Pero no sólo es un asunto de imagen, los desastres naturales abren la puerta de la jugosa arca de recursos públicos etiquetados año con año para solventar las perdidas provocadas por los fenómenos naturales. Y el problema precisamente está en que no hay un sistema que garantice que dichos fondos sean ocupados en la reconstrucción de comunidades devastadas. De por sí se sabe que en ocasiones las donaciones ciudadanas de despensas, medicamentos, ropa, etc., son robadas y luego vendidas a los damnificados; la situación se agrava aún más cuando se trata de recursos públicos que difícilmente pueden fiscalizarse y por tanto pueden repartirse sin reserva.

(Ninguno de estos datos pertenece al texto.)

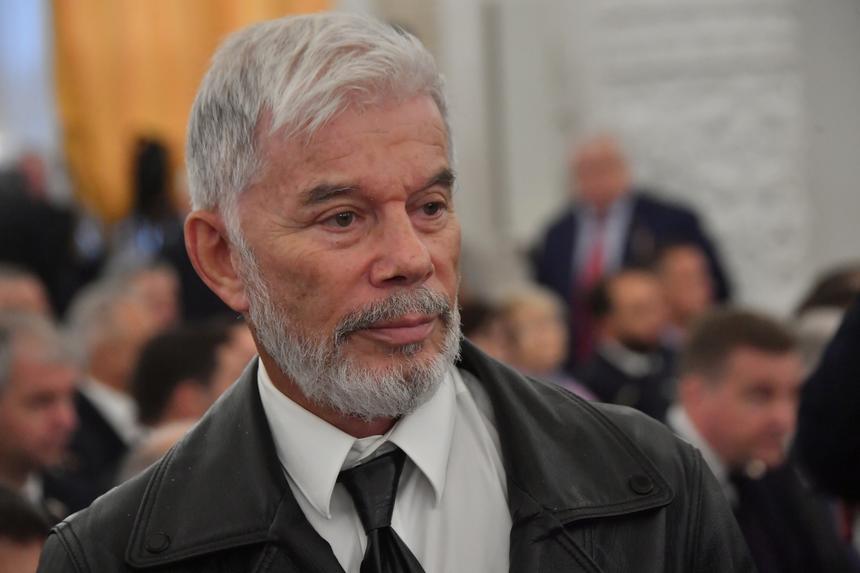 «Женщина должна быть сексапильной»: Олег Газманов о провокационных снимках жены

Lamentablemente así opera el gobierno mexicano ante las desgracias de la naturaleza. Y por eso cada año descubrimos más y más asentamientos humanos ubicados en zonas de peligro. Las familias que se ubican en zonas de riesgo, son víctimas de su propia ignorancia y pobreza, y al final, les hace más daño prestarse a la corrupción del gobierno que ilegalmente les provee de servicios para mantenerlos cautivos como clientes electorales obligándoles a vivir en una permanente riesgo, que los efectos que pueda causar cualquier fenómeno de la naturaleza.

Nota al margen:
La controvertida presentadora de televisión Laura Bozzo ocupó un helicóptero del gobierno del Estado de México para escenificar un rescate en las zonas devastadas. La opinión pública ha reprobado dicha acción y le recrimina a la conductora que use la tragedia para elevar los niveles de audiencia de su programa televisivo. Quien esto escribe está convencido que ella simplemente hizo lo que saber hacer: lucrar con la dignidad de las personas. El problema de fondo es, ¿quién autorizó el préstamo del helicóptero y con qué justificación?